Rua Jacarandá: sem pavimentação, o logradouro é cenário de buracos abertos pela força das enxurradas




Rua Ipê-amarelo: não existe sequer um ipê-amarelo neste lugar; o que se vê nele é um canal que está em processo de erosão. Foi o represamento deste canal que causou, semanas atrás, uma grande inundação em parte das ruas Jenipapo e Pau-ferro, inundação essa que atingiu várias casas, inclusive, a  da minha mãe. O muro, à esquerda na foto, cercou um terreno onde o córrego deveria correr naturalmente. Tragédias naturais  geralmente não são apenas naturais: elas contam com uma contribuição humana. Sem fiscalização da Municipalidade, muitos fazem o que querem na Ilha de Itamaracá em termos de ocupação do solo


A exemplo do que fiz noutros dias, hoje, ao sair da academia, eu percorri várias ruas desta Ilha de Itamaracá à procura de casas com placas de "vende-se" que não aparecem nos anúncios dos sites OLX E Zap Imóveis. Andei, andei, andei... E parei aqui e ali para contemplar os cenários. Nossa, como são feias e descuidadas as ruas deste lugar. E como são deprimentes e feias muitas  das moradias que foram erguidas por aqui. Tem coisa que você vê e só acredita que aquele troço existe porque está diante dele. É uma arquitetura medonha a predominante na ilha. Você percorre grandes extensões de ruas e avenidas e para onde olha se depara com imóveis mal construídos e projetados formando um quadro com seu quê de favelas, porque muito do que foi erguido em matéria de moradias e de estabelecimentos comerciais na Ilha de Itamaracá pendeu para uma favelização do lugar.

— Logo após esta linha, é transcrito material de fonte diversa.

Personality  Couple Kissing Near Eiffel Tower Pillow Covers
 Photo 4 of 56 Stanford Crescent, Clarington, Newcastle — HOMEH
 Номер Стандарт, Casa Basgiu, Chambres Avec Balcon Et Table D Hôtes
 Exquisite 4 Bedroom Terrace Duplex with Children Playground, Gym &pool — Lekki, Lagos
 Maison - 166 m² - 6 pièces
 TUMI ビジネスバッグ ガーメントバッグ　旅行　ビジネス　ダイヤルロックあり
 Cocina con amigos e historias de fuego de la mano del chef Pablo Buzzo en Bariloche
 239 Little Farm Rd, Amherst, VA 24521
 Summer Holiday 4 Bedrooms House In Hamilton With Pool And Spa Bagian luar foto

Daí por que você se depara com centenas e centenas de imóveis construídos à beira do mar, de rios e córregos e com invasões descaradas de mangues e de mata nativa sem que a Municipalidade e o Ministério Público façam absolutamente nada para coibir isso.

A esta altura você leitor deve estar se perguntando por que que, pintando um quadro como esse, onde predomina o desencanto, eu ainda queira continuar ou pense em continuar morando neste lugar. Eu sei exatamente por quê. É que é muito forte em mim o apego à presença do mar. Aqui o mar se encarrega da tarefa de se sobrepor a todos os males urbanísticos que há tempos tomam a Ilha de Itamaracá e suas ruas repletas de sujeiras, buracos, águas empoçadas, invasões e desencantos.


PS - Um conselho: nunca e em hipótese alguma adquira um imóvel na Ilha de Itamaracá durante o verão, porque, quando o inverno chegar, você poderá ter surpresas desagradáveis.